[Material to process Boundary: Start]

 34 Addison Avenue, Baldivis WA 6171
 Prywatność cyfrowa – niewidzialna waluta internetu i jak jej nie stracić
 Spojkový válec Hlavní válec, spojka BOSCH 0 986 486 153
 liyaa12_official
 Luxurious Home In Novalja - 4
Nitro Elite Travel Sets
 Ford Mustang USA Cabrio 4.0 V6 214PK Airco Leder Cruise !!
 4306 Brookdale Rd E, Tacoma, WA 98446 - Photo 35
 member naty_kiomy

[Material to process Boundary: End]
[Material to process Boundary: Start]

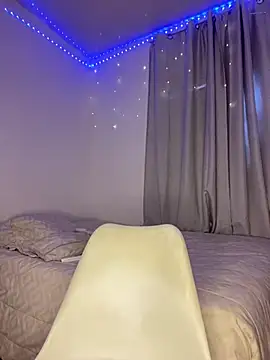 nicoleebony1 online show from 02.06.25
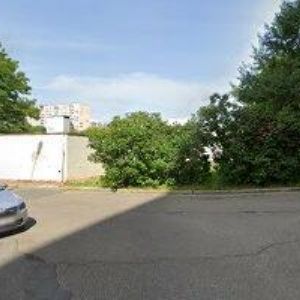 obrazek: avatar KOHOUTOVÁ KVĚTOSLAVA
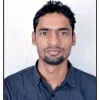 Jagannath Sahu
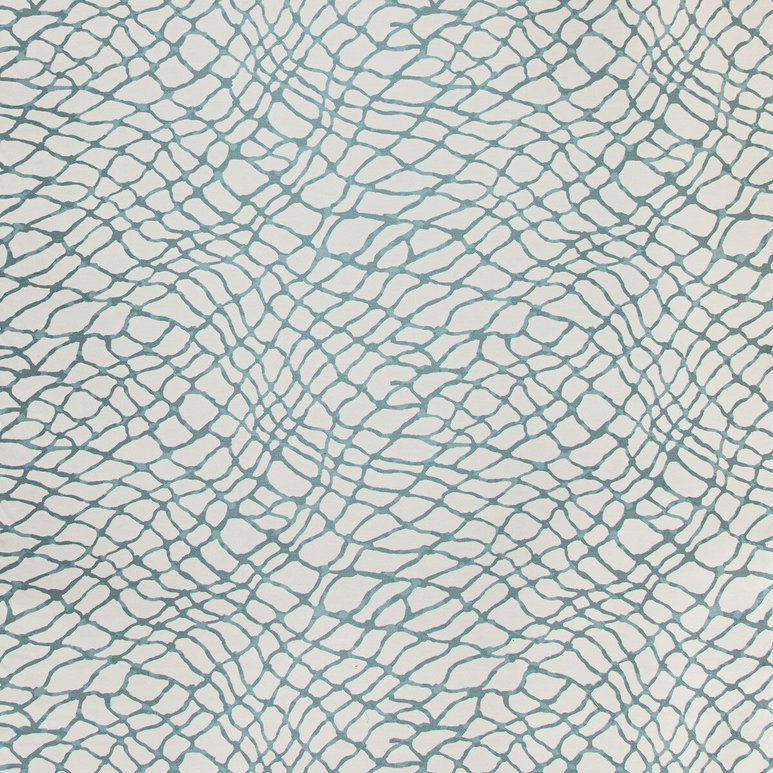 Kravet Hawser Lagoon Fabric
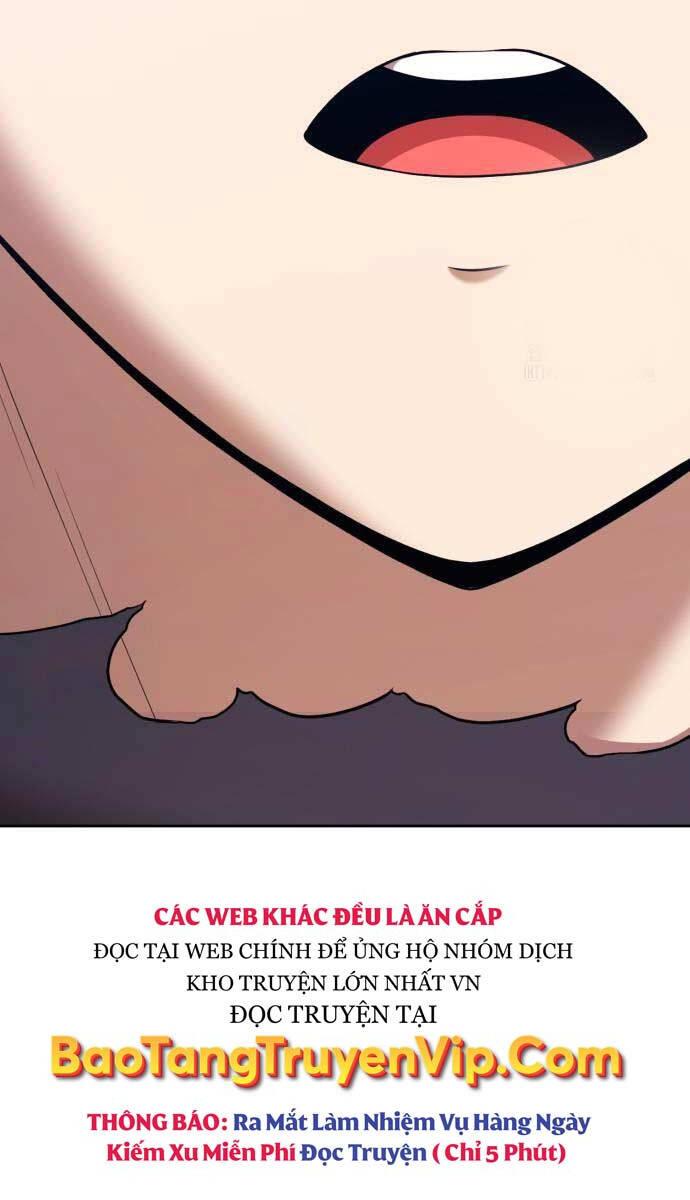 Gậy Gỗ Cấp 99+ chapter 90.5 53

[Material to process Boundary: End]

* _Try it_:
Go back to the lines above and output, exactly as they stand, the ones from the line containing "nicoleebony1 online show from 02.06.25" to the line containing "Gậy Gỗ Cấp 99+ chapter 90.5 53". Leave all pictures behind.

* _Answer box_:
 nicoleebony1 online show from 02.06.25
 obrazek: avatar KOHOUTOVÁ KVĚTOSLAVA
 Jagannath Sahu
 Kravet Hawser Lagoon Fabric
 Gậy Gỗ Cấp 99+ chapter 90.5 53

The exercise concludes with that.